On the Hook: Personal Liability for Trademark InfringementAug 11, 2021
Sometimes you're the windshield. Sometimes you're the bug.
-Mark Knopfler, Dire Straits
There are, of course, several mutations of that quote. Sometimes you’re the hammer. Sometimes you’re the nail. Sometimes you’re the dog. Sometimes you’re the hydrant. Sometimes you’re the pigeon. Sometimes you’re the statue. (Side note: still so hard to write or say statue instead of statute.) You get the idea, but I’ll add one more to the mix. Sometimes you’re the trademark bully. Sometimes you’re the bullied.
To be clear, I am in no way supporting trademark bullying. Far be it from me to in any way condone something the USPTO has taken the time to denounce in a lengthy Report to Congress. But the trademark bullying referred to in that report (and generally) refers to situations in which trademark owners try to impermissibly exceed or expand the scope of their trademark rights through overreaching and unreasonable enforcement efforts. That’s not what this post is about.
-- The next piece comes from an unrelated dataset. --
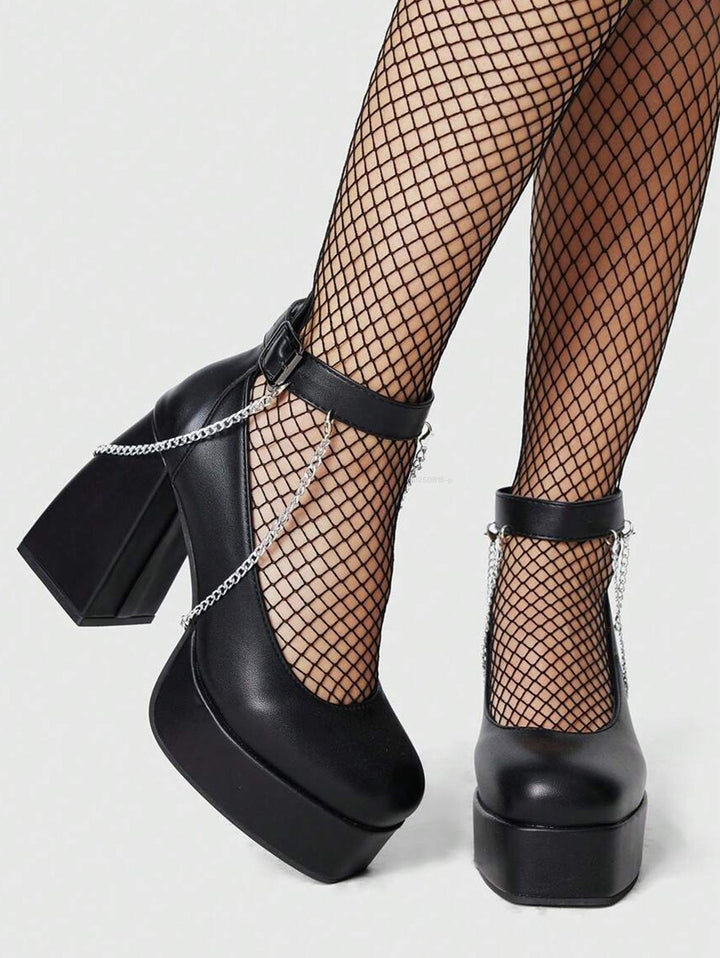 Chain Embellishment Chunky Heel Buckle Strap Sandals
This post is about leveraging an individual’s personal liability for a company’s trademark infringement. And man do I love suing individuals for trademark infringement when their company is using the infringing trademark. Is that normal?
The Rule on Personal Liability
In trademark cases, a corporate officer or director can be held personally liable for the trademark infringement committed by his or her company:
Moreover, “[a] corporate officer or director is, in general, personally liable for all torts which he authorizes or directs or in which he participates, notwithstanding that he acted as an agent of the corporation and not on his own behalf”. Transgo, Inc., 768 F.2d at 1021 (internal quotation marks and citation omitted). While the particular act of unfair competition involved in that stage of Transgo was a conspiracy to pass off goods, the Fourth Circuit has recognized the applicability of the principle to trademark infringement generally. Polo Fashions, Inc. v. Craftex, Inc., 816 F.2d 145, 149 (4th Cir. 1987) (“A corporate official may be held personally liable for tortious conduct committed by him, though committed primarily for the benefit of the corporation. This is true in trademark infringement and unfair trade practices cases.”) (citing Transgo). See also Donsco, Inc. v. Casper Corp., 587 F.2d 602, 606 (3d Cir. 1978) (corporate president who authorized and approved corporation’s act of unfair competition liable under § 43(a); a corporate officer who knowingly and substantially participates in corporation’s act of infringement is personally liable); Electronic Laboratory Supply Co. v. Cullen, 977 F.2d 798, 807-808 (3d Cir. 1992).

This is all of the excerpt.